No pictures belong in the copy. Restate the rest of the data exactly.

Data extract below:

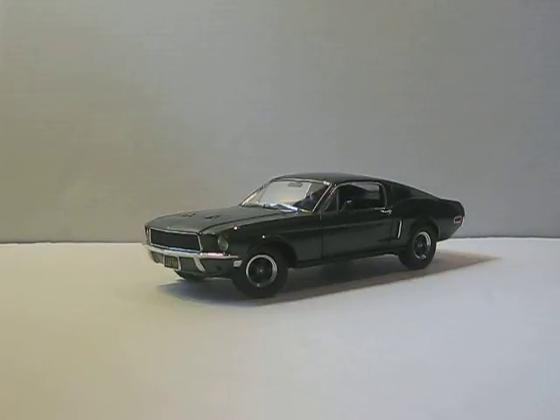What's up everybody, this is Chris from Diecast Model Reviews, and today I'm going to be reviewing my 1968 Ford Mustang GT390 Bullitt by Greenlight. To start off, I paid about $70 for this car.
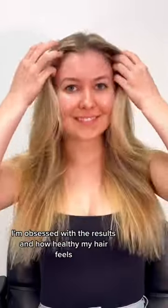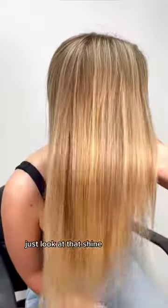Here's the before and here's the after. I'm obsessed with the results and how healthy my hair feels. Just look at that shine.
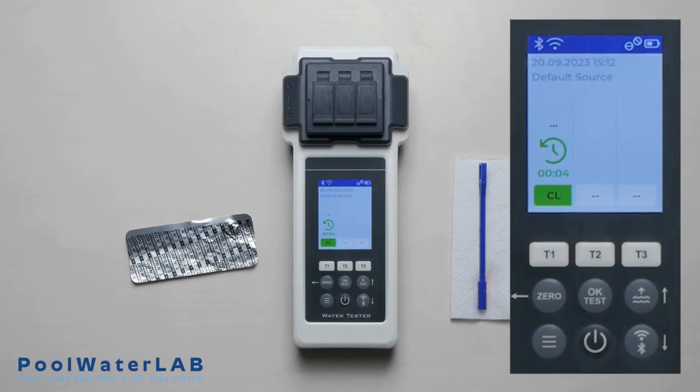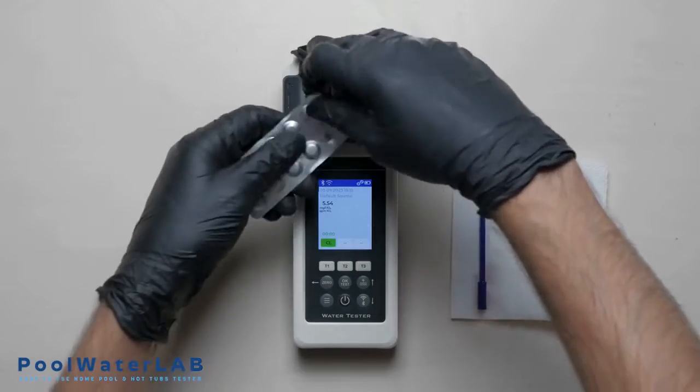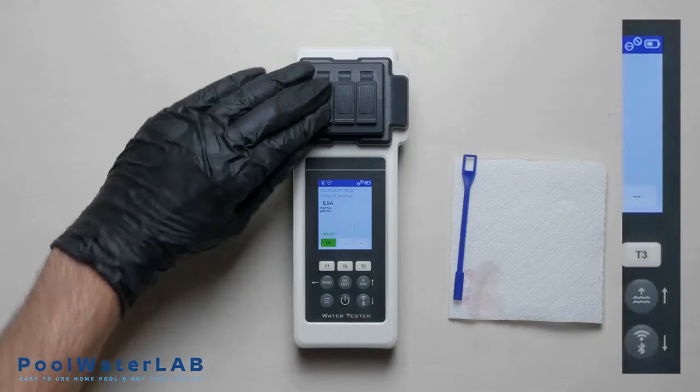Wait until the countdown ends and the test results of total chlorine appear. Then add the tablet of DPD number 3 directly into the same chamber. Crush and stir the tablet, cover the measuring chamber, and press the T1 button.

End of Data extract.

**Answer for this exercise:**
What's up everybody, this is Chris from Diecast Model Reviews, and today I'm going to be reviewing my 1968 Ford Mustang GT390 Bullitt by Greenlight. To start off, I paid about $70 for this car.
Here's the before and here's the after. I'm obsessed with the results and how healthy my hair feels. Just look at that shine.
Wait until the countdown ends and the test results of total chlorine appear. Then add the tablet of DPD number 3 directly into the same chamber. Crush and stir the tablet, cover the measuring chamber, and press the T1 button.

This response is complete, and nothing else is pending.